Saved entries -
------
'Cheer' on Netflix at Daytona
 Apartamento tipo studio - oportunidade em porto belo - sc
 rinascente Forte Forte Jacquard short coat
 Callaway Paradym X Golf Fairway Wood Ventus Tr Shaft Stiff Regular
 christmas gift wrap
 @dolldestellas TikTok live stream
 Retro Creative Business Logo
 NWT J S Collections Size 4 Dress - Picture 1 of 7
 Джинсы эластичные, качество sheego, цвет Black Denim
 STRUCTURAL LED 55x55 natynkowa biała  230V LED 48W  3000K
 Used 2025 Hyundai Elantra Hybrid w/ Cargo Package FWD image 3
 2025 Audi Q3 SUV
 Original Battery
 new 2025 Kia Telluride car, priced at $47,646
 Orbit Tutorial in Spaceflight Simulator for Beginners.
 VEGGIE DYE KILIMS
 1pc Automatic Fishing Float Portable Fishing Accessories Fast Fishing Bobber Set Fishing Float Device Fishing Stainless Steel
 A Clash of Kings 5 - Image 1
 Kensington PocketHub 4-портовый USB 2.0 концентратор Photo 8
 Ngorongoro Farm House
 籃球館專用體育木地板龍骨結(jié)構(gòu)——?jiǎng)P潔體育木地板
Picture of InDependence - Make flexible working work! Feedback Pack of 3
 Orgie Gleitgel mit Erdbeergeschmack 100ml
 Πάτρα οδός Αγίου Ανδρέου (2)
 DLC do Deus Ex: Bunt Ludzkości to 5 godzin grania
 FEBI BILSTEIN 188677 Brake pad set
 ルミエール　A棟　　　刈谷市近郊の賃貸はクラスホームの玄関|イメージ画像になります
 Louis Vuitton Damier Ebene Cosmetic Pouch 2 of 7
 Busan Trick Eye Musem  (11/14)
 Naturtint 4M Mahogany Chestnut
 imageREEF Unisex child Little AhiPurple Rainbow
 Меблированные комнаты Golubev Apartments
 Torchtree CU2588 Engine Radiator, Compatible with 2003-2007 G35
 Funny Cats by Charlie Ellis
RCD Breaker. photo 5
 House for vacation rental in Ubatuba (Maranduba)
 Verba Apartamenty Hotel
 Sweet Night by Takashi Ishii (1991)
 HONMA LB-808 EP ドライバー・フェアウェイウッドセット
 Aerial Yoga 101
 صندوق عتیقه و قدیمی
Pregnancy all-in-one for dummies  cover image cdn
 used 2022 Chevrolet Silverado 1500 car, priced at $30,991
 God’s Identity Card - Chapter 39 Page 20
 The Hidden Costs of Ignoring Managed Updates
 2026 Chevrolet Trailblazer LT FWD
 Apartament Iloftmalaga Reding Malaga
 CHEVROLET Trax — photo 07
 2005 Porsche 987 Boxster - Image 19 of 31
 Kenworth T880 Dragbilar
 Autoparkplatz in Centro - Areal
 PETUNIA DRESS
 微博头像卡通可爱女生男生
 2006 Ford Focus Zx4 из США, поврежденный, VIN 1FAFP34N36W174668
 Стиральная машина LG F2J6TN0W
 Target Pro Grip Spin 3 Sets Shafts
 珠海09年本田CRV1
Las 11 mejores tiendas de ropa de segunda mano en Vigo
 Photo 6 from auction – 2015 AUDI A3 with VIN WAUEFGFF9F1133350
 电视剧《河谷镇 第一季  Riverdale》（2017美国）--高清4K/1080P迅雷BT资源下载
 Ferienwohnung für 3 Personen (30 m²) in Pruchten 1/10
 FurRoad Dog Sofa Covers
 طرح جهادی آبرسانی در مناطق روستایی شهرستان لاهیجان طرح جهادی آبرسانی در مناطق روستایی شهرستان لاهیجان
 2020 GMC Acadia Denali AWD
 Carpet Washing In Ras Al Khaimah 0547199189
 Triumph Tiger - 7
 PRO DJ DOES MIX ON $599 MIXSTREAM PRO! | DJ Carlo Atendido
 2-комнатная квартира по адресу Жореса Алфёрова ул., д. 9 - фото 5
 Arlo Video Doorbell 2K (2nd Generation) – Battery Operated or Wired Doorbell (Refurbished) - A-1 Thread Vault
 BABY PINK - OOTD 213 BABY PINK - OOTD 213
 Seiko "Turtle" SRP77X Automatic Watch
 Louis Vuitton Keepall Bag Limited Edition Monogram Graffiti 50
------
What you will do -
Start with the first line of the data and print every line exactly. The line containing "Torchtree CU2588 Engine" is the last one to include.

Result of this task -
'Cheer' on Netflix at Daytona
 Apartamento tipo studio - oportunidade em porto belo - sc
 rinascente Forte Forte Jacquard short coat
 Callaway Paradym X Golf Fairway Wood Ventus Tr Shaft Stiff Regular
 christmas gift wrap
 @dolldestellas TikTok live stream
 Retro Creative Business Logo
 NWT J S Collections Size 4 Dress - Picture 1 of 7
 Джинсы эластичные, качество sheego, цвет Black Denim
 STRUCTURAL LED 55x55 natynkowa biała  230V LED 48W  3000K
 Used 2025 Hyundai Elantra Hybrid w/ Cargo Package FWD image 3
 2025 Audi Q3 SUV
 Original Battery
 new 2025 Kia Telluride car, priced at $47,646
 Orbit Tutorial in Spaceflight Simulator for Beginners.
 VEGGIE DYE KILIMS
 1pc Automatic Fishing Float Portable Fishing Accessories Fast Fishing Bobber Set Fishing Float Device Fishing Stainless Steel
 A Clash of Kings 5 - Image 1
 Kensington PocketHub 4-портовый USB 2.0 концентратор Photo 8
 Ngorongoro Farm House
 籃球館專用體育木地板龍骨結(jié)構(gòu)——?jiǎng)P潔體育木地板
Picture of InDependence - Make flexible working work! Feedback Pack of 3
 Orgie Gleitgel mit Erdbeergeschmack 100ml
 Πάτρα οδός Αγίου Ανδρέου (2)
 DLC do Deus Ex: Bunt Ludzkości to 5 godzin grania
 FEBI BILSTEIN 188677 Brake pad set
 ルミエール　A棟　　　刈谷市近郊の賃貸はクラスホームの玄関|イメージ画像になります
 Louis Vuitton Damier Ebene Cosmetic Pouch 2 of 7
 Busan Trick Eye Musem  (11/14)
 Naturtint 4M Mahogany Chestnut
 imageREEF Unisex child Little AhiPurple Rainbow
 Меблированные комнаты Golubev Apartments
 Torchtree CU2588 Engine Radiator, Compatible with 2003-2007 G35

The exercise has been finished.